■ **Supplied entries**:
::::::::::

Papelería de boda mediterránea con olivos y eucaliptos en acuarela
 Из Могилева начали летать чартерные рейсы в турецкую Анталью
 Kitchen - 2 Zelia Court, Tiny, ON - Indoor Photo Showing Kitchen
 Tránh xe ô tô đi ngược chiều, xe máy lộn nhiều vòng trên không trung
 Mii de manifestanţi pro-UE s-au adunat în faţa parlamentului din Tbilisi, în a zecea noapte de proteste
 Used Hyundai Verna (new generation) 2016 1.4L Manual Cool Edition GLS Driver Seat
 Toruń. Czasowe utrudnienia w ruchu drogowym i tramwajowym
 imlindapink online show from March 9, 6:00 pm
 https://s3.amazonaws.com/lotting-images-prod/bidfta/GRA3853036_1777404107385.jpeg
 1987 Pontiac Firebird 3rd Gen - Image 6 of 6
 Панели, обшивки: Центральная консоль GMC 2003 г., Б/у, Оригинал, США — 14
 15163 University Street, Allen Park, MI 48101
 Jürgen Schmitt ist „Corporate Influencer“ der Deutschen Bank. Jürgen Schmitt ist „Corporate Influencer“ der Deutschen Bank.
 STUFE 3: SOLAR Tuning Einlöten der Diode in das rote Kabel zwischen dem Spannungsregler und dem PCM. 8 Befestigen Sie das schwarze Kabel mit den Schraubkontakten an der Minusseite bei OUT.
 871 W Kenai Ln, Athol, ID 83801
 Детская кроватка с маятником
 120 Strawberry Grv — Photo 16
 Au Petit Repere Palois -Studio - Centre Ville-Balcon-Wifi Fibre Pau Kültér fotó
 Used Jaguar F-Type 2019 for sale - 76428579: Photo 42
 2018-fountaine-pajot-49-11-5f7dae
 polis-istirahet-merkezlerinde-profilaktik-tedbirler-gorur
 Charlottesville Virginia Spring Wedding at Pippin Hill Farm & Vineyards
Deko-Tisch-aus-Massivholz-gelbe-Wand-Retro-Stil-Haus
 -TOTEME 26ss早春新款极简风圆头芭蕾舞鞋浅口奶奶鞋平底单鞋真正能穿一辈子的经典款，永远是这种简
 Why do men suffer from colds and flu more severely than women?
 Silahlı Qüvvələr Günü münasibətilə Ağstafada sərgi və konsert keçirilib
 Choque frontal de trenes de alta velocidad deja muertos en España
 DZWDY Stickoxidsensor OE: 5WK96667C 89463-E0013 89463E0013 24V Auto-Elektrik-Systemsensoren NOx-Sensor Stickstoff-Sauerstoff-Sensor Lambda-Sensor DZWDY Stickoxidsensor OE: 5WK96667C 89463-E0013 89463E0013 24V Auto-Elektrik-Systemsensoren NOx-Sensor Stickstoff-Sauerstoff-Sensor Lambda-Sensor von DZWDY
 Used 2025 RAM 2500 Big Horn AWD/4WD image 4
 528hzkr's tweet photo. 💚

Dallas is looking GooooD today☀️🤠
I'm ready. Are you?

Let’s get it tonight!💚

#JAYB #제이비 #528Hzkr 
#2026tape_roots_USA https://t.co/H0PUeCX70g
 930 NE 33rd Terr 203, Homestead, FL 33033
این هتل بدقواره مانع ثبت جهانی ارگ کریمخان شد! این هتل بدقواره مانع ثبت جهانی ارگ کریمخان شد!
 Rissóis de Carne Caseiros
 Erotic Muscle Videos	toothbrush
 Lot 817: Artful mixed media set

::::::::::

■ **Problem**:
Restate the records, all of them, precisely as written.

■ **Exercise result**:
Papelería de boda mediterránea con olivos y eucaliptos en acuarela
 Из Могилева начали летать чартерные рейсы в турецкую Анталью
 Kitchen - 2 Zelia Court, Tiny, ON - Indoor Photo Showing Kitchen
 Tránh xe ô tô đi ngược chiều, xe máy lộn nhiều vòng trên không trung
 Mii de manifestanţi pro-UE s-au adunat în faţa parlamentului din Tbilisi, în a zecea noapte de proteste
 Used Hyundai Verna (new generation) 2016 1.4L Manual Cool Edition GLS Driver Seat
 Toruń. Czasowe utrudnienia w ruchu drogowym i tramwajowym
 imlindapink online show from March 9, 6:00 pm
 https://s3.amazonaws.com/lotting-images-prod/bidfta/GRA3853036_1777404107385.jpeg
 1987 Pontiac Firebird 3rd Gen - Image 6 of 6
 Панели, обшивки: Центральная консоль GMC 2003 г., Б/у, Оригинал, США — 14
 15163 University Street, Allen Park, MI 48101
 Jürgen Schmitt ist „Corporate Influencer“ der Deutschen Bank. Jürgen Schmitt ist „Corporate Influencer“ der Deutschen Bank.
 STUFE 3: SOLAR Tuning Einlöten der Diode in das rote Kabel zwischen dem Spannungsregler und dem PCM. 8 Befestigen Sie das schwarze Kabel mit den Schraubkontakten an der Minusseite bei OUT.
 871 W Kenai Ln, Athol, ID 83801
 Детская кроватка с маятником
 120 Strawberry Grv — Photo 16
 Au Petit Repere Palois -Studio - Centre Ville-Balcon-Wifi Fibre Pau Kültér fotó
 Used Jaguar F-Type 2019 for sale - 76428579: Photo 42
 2018-fountaine-pajot-49-11-5f7dae
 polis-istirahet-merkezlerinde-profilaktik-tedbirler-gorur
 Charlottesville Virginia Spring Wedding at Pippin Hill Farm & Vineyards
Deko-Tisch-aus-Massivholz-gelbe-Wand-Retro-Stil-Haus
 -TOTEME 26ss早春新款极简风圆头芭蕾舞鞋浅口奶奶鞋平底单鞋真正能穿一辈子的经典款，永远是这种简
 Why do men suffer from colds and flu more severely than women?
 Silahlı Qüvvələr Günü münasibətilə Ağstafada sərgi və konsert keçirilib
 Choque frontal de trenes de alta velocidad deja muertos en España
 DZWDY Stickoxidsensor OE: 5WK96667C 89463-E0013 89463E0013 24V Auto-Elektrik-Systemsensoren NOx-Sensor Stickstoff-Sauerstoff-Sensor Lambda-Sensor DZWDY Stickoxidsensor OE: 5WK96667C 89463-E0013 89463E0013 24V Auto-Elektrik-Systemsensoren NOx-Sensor Stickstoff-Sauerstoff-Sensor Lambda-Sensor von DZWDY
 Used 2025 RAM 2500 Big Horn AWD/4WD image 4
 528hzkr's tweet photo. 💚

Dallas is looking GooooD today☀️🤠
I'm ready. Are you?

Let’s get it tonight!💚

#JAYB #제이비 #528Hzkr 
#2026tape_roots_USA https://t.co/H0PUeCX70g
 930 NE 33rd Terr 203, Homestead, FL 33033
این هتل بدقواره مانع ثبت جهانی ارگ کریمخان شد! این هتل بدقواره مانع ثبت جهانی ارگ کریمخان شد!
 Rissóis de Carne Caseiros
 Erotic Muscle Videos	toothbrush
 Lot 817: Artful mixed media set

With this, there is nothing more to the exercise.